Updated on April 11, 2010

 It is a real dilemma for over five million unemployed people who have been unable to secure a job, even a shit job paying $9 hr, for over nine months or more. If you have never been in this situation, you simply do not know what it is like. This is revealed when the infamous statement is spoken: " You mean, you can't find a job at a fast food joint?" "Surely, there is SOME job out there you can get".

Most blogs and online commentators rightly state, you should not lie or stretch the truth on your resume. Why? It is simply too easy to check. If the check is done, that is. If it is, any shot of getting a job is history. Of course, it is a gamble, which might work in your favor, the check may never happen.

If you are one of the five million out of work for nine months to a year, odds are, you are more willing to take the gamble because you have nothing to lose. With the job market having six applicants to one job, probably way more in some fields, you compete with a slew of applicants:

1. Those still working but wanting a better gig

2. Those out of work less than 3 months

3. Those out of work less than 6 months

4. Those out of work less than one year

5. Those out of work over a year

6. Those highly qualified or qualified with recent experience

7. Those with skills that are now dated because of lack of employment, yet, still valid if given the chance

Employers who read cover letters explaining why the applicant has been unemployed for nine months or more, simply are passed over into a dead file if the applicant pool provides better choices, even if you are obviously qualified. Fact is, the more time passes and you remain unemployed, the more desperate the job seeker becomes, the harder it is to present a valid argument to an employer that does not create suspicion on their part, as in, "this person must not be good person, why has he not worked"?

Employers really could care less about the sob story, they just want the best person for the gig. Period. All this BS about how employers care, how you should state you went back to school, took courses, took care of kids or loved one, really is just false hope. Sure, you might, if you are lucky, get sympathy, but when comparing resumes, if all is equal, the applicant with fewer gaps or long gaps in employment history will get the interview or job.

So, the whole economic situation, the flood of job seekers, employer attitudes about long term unemployment force many of the five million to simply lie to cover the gaps, to shorten the gap period, to make it appear one's unemployment is more temporary (a few months) instead of the reality (a year or more). It is  a gamble worth taking to them. There is nothing left to try. Most by this time, have tried all venues and the results remain bad.

If the liar gets the job, and is performing well when the lie is discovered, most employers will be ruthless and terminate it and within 30 minutes, the person is unemployed again. Job performance seems to have absolutely no meaning now, but did, just prior to the discovery. Some employers may actually give you chance to explain, this is the best case scenario, which will probably still end in termination.
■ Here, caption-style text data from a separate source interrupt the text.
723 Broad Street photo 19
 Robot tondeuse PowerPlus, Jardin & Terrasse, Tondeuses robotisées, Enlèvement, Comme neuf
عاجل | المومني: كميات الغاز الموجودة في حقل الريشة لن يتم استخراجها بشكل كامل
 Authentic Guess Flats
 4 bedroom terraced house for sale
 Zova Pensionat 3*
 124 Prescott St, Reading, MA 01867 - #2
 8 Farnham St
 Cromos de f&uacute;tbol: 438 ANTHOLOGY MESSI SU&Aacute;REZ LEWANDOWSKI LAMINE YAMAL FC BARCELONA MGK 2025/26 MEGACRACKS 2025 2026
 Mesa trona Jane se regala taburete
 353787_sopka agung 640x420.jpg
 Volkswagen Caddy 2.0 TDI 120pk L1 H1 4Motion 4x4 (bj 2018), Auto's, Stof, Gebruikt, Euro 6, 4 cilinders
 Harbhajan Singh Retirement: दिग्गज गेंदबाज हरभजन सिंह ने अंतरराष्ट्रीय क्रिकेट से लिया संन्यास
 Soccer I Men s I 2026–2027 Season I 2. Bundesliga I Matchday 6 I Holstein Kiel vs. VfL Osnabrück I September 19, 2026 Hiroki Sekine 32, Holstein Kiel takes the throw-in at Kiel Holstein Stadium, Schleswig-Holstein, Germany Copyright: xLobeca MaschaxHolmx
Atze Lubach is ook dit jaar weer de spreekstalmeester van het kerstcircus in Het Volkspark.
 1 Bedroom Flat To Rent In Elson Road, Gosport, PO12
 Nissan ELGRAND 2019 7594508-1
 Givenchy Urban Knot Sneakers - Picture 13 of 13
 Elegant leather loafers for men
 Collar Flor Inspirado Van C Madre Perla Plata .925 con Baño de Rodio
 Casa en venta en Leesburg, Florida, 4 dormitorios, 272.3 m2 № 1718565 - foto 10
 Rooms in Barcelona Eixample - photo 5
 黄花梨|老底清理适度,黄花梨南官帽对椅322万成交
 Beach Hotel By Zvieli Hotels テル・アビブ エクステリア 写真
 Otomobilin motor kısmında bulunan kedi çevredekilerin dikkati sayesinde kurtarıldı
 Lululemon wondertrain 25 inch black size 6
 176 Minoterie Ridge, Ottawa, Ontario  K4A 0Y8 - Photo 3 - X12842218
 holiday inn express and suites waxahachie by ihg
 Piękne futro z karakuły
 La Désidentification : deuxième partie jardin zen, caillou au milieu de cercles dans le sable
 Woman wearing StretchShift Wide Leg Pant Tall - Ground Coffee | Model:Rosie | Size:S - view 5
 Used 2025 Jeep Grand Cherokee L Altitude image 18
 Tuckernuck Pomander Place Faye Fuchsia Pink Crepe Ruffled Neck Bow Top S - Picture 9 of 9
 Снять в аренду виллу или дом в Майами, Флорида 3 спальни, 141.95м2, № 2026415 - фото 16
If this occurs, what did the person achieve? Well, money. Maybe new skills. Maybe new contacts. If not caught, the gamble paid off. Period. The government should have a job program like the US Census. Temp work, paying $20-25 hr. Jobs given to those who score well on the exam. A person's job history is totally irrelevant. If you score well, you will have the opportunity to work for a decent wage. In this way, chronic unemployed can regain their footing in the work world, learn and be competitive.

Should one lie on the resume? Depends on the applicant's situation.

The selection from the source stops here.